Foram duas semanas de novela com um fim que parecia ser feliz, mas não foi. É o que se me afigura dizer sobre o que se passou depois da comunicação ao país do Presidente. Uma verdadeira novela, com autor, equipa técnica, actores e figurantes. No caso, o realizador é o Presidente. Portas, o actor principal, embora ausente de cena, recolhido, ao que dizem, para se não molhar com os chuviscos deste verão quente de 2013. O actor secundário é Passos. Os coordenadores do Bloco de Esquerda, Jerónimo de Sousa e outros responsáveis políticos, são os figurantes de primeira linha. Todos os restantes, onde nos incluímos, cidadãos anónimos, mas com direito, se quiserem, a constar da história, somos o grosso dos figurantes.

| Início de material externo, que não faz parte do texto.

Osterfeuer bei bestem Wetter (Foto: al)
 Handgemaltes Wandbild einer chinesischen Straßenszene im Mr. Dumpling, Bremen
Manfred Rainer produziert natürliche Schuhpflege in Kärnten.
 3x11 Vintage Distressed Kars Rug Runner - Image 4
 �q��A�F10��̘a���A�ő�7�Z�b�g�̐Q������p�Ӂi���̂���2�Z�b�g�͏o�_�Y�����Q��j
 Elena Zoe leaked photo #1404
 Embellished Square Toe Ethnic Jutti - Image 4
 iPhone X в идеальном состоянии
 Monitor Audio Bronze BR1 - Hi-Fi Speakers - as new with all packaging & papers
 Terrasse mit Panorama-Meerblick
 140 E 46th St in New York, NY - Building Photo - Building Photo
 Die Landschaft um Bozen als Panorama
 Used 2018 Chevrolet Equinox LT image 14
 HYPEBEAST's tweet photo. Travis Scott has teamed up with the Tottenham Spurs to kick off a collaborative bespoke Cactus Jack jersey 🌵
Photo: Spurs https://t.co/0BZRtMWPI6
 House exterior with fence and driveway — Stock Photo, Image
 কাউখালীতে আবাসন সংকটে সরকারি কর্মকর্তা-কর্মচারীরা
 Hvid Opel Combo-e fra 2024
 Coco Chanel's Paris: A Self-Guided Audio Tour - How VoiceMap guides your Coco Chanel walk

Acredito que o autor da novela não esperasse o desfecho que acabou por lhe dar. E que não se livra de ficar ligado à troca de protagonistas e das cenas dos vários episódios que não eram para passar ou, pelo menos, para passar despercebidos. A verdade, é que com isso, o país andou a penar – nesta altura até não estava distraído por estar mais em casa do que de férias e, logo, mais assíduo à leitura dos jornais e do que passa nos telejornais – expectante numa solução que ajudaria a maioria – do povo, que a parlamentar não é mais representativa, por mais que nos queiram fazer crer – a passar melhor. Fosse qual fosse o desfecho do enredo da novela, haveria consequências. No que conhecemos, o país continua com o mesmo Governo, eventualmente com alguns outros actores – estou a lembrar-me de uma série televisiva também muda de actores no verão – e os políticos saem ainda mais desacreditados, o que não é uma boa notícia.
Não sei se o fim do filme que o primeiro-ministro nos prometeu e que ainda não nos mostrou coincide com o fim da novela em canal aberto e em tempo real. Refiro-me à que nos ocupou e preocupou, pelo menos desde o dia 10 de Julho, dia em que começou a ser gravada e transmitida em directo, embora com intervalos para passar memória em arquivo de há várias semanas e meses a esta parte. Desta vez, não vamos precisar de pagar, pelo menos, para já. Certo é que não requisitamos o canal. Um dia destes, se quiser cumprir a promessa, Passos Coelho vai ter que pedir ao realizador a gravação das últimas cenas. Talvez nessa altura possamos perceber melhor o desfecho da novela, embora alguns não acreditem que nos vão passar o filme sem cortes nem contar a verdade toda, como é o caso da Kika: “Do que já conhecemos, os portugueses ficaram com dúvidas sobre a veracidade do enredo e não vislumbram ainda com nitidez o que é que o fim da novela tem a ver com o argumento. Passos prometeu passar o filme todo, supostamente com final feliz, mas até isso vai falhar”. Como esta amiga, esperamos para ver.